Jasmine: I thought it was going to be horrible: uniforms, rules, homework seven days a week. As soon as he made it in I went to the school and said, “we’re going to have to work together because he is very disorganized.” That’s what they had told me in West Orange. But when I went to my first parent-teacher conference at North Star the teacher told me, “he doesn’t have any organizational problems.” In fact, he was Student of the Month! We were blown away. It was like we were meant to be there. There are 22 kids in the classroom, just like West Orange, but instead of one teacher there is two.

And those teachers are just so supportive. I can text them anything — say, I’m working with my son on some new mental math exercises and I want to know if they see any difference in the classroom — and they’ll text me right back. Or sometimes they’ll call me or text me to say they had to take away a star because he misbehaved. That’s how it should be: parents are members of the team. If my boy is having a bad day I’ll bring him to Dean Benson and he’ll talk him down.

Laura: What’s the schoolwork like?

Jasmine: They’re in 4th grade, but they’re touching 6th grade-level math. There’s a lot of emphasis on writing comprehensive analyses. He has to have a theory, a conclusion, evidence. It’s all critical thinking, which was absent from West Orange, where it was all memorize, memorize, memorize.

I’ll tell you this: he brings that critical thinking home! I can’t get anything past him! That’s my only complaint.

Laura: And you have a five year-old there now in kindergarten, right?

Jasmine: Yes. He went to Head Start, which is exploration through play. North Star is not exploration through play. He’s only five and he can read! You remember what happened with the cupcakes in West Orange where they wouldn’t even let me into the classroom on my boy’s birthday? At North Star I texted the teacher and asked if I could come in to see the reading program. She welcomed me in — what a contrast.

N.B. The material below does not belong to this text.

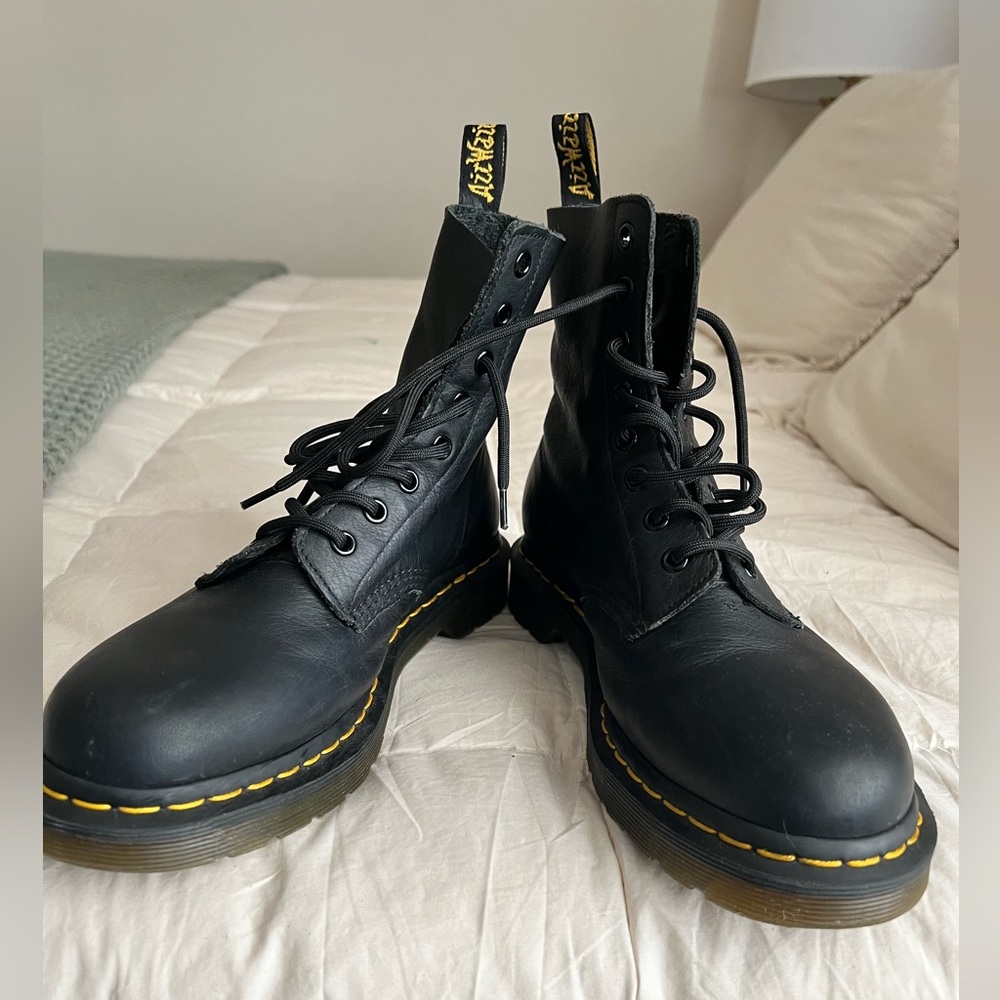 Doc Martens - Picture 4 of 6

Laura: I’ve heard some people say that charter schools are too rigid. Do you find that to be the case with your sons?

Jasmine: I find they need the structure. Not that we don’t have structure at home, but I tend to let them loose there. I appreciate the structure. I incorporate some of it at home, some of the  positive reinforcement.

I’ve always been very observant about my children’s environment. My first concern with schooling was safety. Then, once that’s secured, it’s about what more they can do academically. I just love that at North Star they don’t set boundaries for the children. We say “it’s too rigorous” but the flip side of that is they can go somewhere where there’s no cap on what they can achieve. With the rigor comes endless possibilities. I never had that. But now I can give it to my kids. It’s one of the best gifts they’ll ever get from me. God bless that we have this.

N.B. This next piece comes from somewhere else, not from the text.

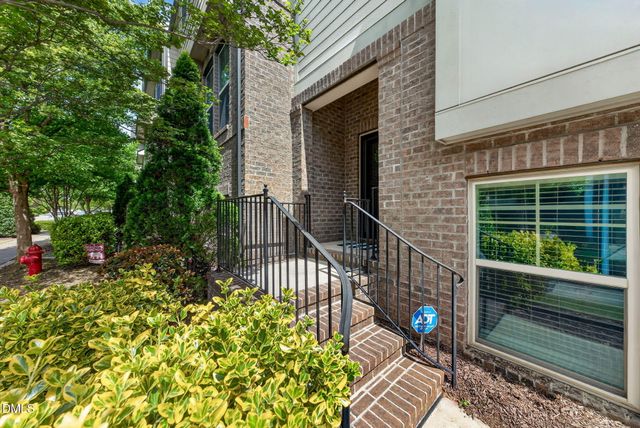 528 Old Mill Village Drive, Apex, NC 27502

Laura: What do you think of Governor Murphy talking about taking a “pause” on charter expansion so they can study the law?

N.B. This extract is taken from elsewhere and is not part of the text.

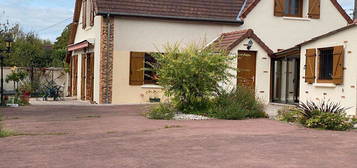 Propriété 6 pièces 130 m²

Jasmine: I say this: don’t fix what’s not broken. Let’s focus on what’s not working. Charters are working! I would also say, from those who argue that charters are draining funds from the district, that NPS is not a corporation. It’s not an employment agency. It is a service. And it has to serve who it’s intended to serve, and that’s educating kids.

Laura: Is there anything else you’d like NJLB readers to know?

Jasmine: Just that I brought many Essex County parents together in Newark on Election Day for an event called “Charter Families Rock the Boat.”  We celebrated voting and our right to make choices!